Japan's financial markets are experiencing a long-awaited "reflation trade," with the notable absence being Japanese domestic investors. Led by foreign investors, Japanese stocks hit record highs last month, while the yen also appreciated. Foreign investors have also been significant buyers of Japanese government bonds, pushing 30-year JGB yields to historic peaks. Data shows the Topix index has risen 34.2% since touching lows in April.
"Global investors are a key driver behind the Japanese stock market rally," said Nicholas Smith, a Tokyo-based strategist at CLSA. He added: "We see virtually no domestic Japanese investors chasing the rally."
As government supportive policies and corporate reforms help Japan reignite economic growth after nearly three decades of stagnation, the Bank of Japan conducted its first rate hike since before the 2008 global financial crisis this year and reduced its massive JGB holdings. This move has driven asset rotation between bonds and stocks, causing traditional industrial stocks to surge significantly while high-growth stocks underperformed. Meanwhile, in the JGB market, investors prefer short-term bonds over long-term ones.
Some analysts believe this rally could have more room to run if Japanese retail investors return to the stock market after withdrawing approximately $23 billion this year. Bernstein analysts noted in a research report: "Retail sentiment has finally turned positive again since last week, after being extremely pessimistic."
Strategists believe retail investor caution stems from uncertainty about how US tariffs might affect Japan's economy and market volatility.

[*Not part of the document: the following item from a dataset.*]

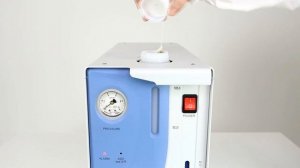 Генератор водорода Хроматэк. Техническое обслуживание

However, they added that the combination of earnings recovery, strong foreign investor confidence, and retail fund repatriation "is very favorable for the market."
Foreign capital inflows into Japanese stocks this year have been the strongest in a decade, potentially reaching the highest levels since "Abenomics" triggered inflows in 2013. Nicholas Smith added: "It's not just foreigners buying; corporate buybacks are even larger in scale."
"This is very encouraging because companies have ample cash and are fully capable of conducting more buybacks."
Despite significant volatility in stock and bond markets, the yen has remained relatively stable. Over the past two years, the USD/JPY exchange rate has "stubbornly" maintained a range of 140-160, failing to strengthen despite improved growth prospects and investors pouring funds into Japan for higher bond yields or equity returns.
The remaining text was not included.